The Sweet Hereafter, 1997

Atom Egoyan’s The Sweet Hereafter is a serenely powerful, deeply moving tale of loss and healing. At the heart of the tragedy is a school bus accident in a small Canadian town, resulting in the death of fourteen children. First, we meet Mitchell Stephens (Ian Holm), a tort lawyer who comes into town in order to shore up clients for a class-action lawsuit on the accident. He seems dispassionate and mechanical about his work, except in his resolute belief that someone must ultimately pay. Harboring an inner guilt and pain over his inability to save his own drug-addicted daughter, he, too, bears the scars of a lost child. The bus driver, Dolores Driscoll (Gabrielle Rose), severely injured from the accident, then provides her deposition under the gaze of her invalid husband. Surrounded by photographs of the school children, it is evident that she sees them as the children she never had. A local mechanic, Billy Ansell (Bruce Greenwood), lost his children in the accident, but refuses to participate in the lawsuit, and is overtly hostile to the interloper. Having earlier lost his wife to cancer, he is already a survivor who understands the cruelty of fate, and the futility and divisiveness of Mitchell’s actions. Nicole Burnell (Sarah Polley), permanently crippled from the accident, provides the final testimony. Robbed of her childhood, she sees the destructive toll of the lawsuit, and exacts revenge.

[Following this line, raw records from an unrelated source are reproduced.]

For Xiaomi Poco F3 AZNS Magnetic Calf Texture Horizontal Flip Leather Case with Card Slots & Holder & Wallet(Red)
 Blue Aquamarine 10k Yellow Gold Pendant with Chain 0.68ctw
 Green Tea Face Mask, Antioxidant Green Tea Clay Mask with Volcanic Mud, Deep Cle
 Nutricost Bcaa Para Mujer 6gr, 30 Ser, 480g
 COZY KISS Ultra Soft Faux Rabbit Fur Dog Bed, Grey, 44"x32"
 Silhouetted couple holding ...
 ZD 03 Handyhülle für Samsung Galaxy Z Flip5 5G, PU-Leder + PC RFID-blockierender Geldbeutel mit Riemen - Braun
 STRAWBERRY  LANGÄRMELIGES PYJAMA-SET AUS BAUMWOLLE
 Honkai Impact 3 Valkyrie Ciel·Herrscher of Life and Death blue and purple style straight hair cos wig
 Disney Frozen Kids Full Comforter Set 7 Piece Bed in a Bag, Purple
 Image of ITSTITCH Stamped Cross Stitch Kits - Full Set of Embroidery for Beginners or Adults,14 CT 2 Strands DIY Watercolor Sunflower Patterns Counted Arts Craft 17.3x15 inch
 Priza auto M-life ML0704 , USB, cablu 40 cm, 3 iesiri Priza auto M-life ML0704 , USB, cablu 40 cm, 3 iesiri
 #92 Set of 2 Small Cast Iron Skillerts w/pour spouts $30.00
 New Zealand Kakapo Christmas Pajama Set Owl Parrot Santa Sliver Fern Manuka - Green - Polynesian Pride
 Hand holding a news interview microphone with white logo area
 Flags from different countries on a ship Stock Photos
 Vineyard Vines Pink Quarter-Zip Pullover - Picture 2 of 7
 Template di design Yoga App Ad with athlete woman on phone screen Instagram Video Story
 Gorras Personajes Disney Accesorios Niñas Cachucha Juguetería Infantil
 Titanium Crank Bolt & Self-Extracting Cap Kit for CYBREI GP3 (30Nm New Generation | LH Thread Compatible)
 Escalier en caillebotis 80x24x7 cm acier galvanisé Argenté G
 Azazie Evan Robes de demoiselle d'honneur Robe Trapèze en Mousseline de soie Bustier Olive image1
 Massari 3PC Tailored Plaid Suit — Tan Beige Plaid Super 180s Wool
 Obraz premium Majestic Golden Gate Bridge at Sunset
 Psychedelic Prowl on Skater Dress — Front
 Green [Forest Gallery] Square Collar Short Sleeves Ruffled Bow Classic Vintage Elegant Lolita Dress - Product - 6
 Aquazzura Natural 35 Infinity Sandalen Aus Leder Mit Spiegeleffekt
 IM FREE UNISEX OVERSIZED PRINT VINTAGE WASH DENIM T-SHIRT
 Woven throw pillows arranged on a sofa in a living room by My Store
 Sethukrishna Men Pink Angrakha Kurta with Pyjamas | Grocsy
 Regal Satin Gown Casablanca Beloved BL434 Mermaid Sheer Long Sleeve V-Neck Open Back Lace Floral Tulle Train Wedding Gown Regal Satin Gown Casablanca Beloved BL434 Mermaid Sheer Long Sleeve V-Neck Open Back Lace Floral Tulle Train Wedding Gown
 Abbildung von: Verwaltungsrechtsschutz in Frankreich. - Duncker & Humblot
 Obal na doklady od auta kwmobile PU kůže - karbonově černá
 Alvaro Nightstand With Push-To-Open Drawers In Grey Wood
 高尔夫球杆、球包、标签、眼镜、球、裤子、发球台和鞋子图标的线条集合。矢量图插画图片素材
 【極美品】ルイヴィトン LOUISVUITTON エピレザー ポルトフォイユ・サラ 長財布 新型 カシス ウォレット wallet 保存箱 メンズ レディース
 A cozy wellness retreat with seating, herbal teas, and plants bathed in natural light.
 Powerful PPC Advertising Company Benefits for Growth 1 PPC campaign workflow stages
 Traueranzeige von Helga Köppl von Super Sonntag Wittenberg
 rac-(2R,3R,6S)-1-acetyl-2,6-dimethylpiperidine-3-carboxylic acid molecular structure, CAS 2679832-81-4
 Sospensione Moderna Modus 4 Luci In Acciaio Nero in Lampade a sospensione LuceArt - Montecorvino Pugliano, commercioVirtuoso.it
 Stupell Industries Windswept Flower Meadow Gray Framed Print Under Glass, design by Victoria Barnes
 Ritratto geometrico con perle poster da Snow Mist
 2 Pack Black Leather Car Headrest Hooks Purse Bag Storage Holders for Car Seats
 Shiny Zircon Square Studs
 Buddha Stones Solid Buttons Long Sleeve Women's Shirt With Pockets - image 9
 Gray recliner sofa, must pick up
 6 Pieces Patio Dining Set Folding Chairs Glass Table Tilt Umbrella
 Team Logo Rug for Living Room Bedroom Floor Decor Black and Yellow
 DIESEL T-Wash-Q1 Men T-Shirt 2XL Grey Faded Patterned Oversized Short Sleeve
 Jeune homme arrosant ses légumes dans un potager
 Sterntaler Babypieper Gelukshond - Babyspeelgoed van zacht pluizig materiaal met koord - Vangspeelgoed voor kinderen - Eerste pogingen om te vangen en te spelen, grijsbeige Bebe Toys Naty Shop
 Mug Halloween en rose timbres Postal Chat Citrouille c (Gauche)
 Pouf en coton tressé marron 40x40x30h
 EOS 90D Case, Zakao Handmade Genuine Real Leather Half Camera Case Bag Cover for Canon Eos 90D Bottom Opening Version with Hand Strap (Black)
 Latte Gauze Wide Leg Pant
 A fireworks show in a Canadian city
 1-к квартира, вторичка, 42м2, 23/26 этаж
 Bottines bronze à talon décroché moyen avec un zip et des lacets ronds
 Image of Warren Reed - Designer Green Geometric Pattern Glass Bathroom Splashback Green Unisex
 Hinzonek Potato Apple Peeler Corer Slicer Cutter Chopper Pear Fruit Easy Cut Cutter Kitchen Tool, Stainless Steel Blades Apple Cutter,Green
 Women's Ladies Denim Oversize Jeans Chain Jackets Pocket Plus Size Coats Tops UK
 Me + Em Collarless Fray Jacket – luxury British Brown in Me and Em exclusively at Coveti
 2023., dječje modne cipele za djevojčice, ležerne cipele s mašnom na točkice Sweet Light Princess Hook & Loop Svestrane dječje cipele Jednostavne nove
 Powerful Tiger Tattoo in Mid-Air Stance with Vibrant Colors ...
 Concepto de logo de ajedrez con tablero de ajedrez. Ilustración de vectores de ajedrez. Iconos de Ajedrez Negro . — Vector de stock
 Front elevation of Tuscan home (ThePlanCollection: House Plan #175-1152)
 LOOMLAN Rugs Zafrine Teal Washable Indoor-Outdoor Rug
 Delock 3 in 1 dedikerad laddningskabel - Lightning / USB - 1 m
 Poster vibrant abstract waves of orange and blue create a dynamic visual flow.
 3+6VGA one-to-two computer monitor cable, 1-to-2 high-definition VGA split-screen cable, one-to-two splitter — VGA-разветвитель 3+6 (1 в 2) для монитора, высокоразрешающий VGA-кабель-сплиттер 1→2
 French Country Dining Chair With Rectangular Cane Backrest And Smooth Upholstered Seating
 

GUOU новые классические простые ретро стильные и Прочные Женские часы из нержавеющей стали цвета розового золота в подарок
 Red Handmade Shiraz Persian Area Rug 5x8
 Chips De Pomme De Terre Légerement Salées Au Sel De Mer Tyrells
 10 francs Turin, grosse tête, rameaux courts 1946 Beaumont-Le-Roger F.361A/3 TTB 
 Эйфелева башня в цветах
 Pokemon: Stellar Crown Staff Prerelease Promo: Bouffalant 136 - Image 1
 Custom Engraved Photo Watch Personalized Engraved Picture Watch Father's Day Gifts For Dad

The aftermath of the tragedy is achronologically documented through four different narrative perspectives: Mitchell, Dolores, Billy, and Nicole. Egoyan uses non-linearity as a means of exploring the process of grief. The bus accident is almost incidental, an accepted fact that only serves as the catalyst in the film. Inevitably, The Sweet Hereafter is a story of individual survival: the painful, intensely personal struggle to find a reason to continue after a profound loss. We see a glimpse of it in Billy’s morning ritual, following his wife’s death, of waving to his children while driving behind the school bus. Mitchell continues to accept inopportune collect calls from his incoherent, manipulative daughter, if only to find solace in the knowledge that she is still alive. At the end of the film, it is the idea that life does go on, albeit through new and different rituals, that sustains these characters after their emotional evisceration. The Sweet Hereafter is a truly remarkable film, an elegantly realized, heartbreaking testament to the tenacity of the human spirit.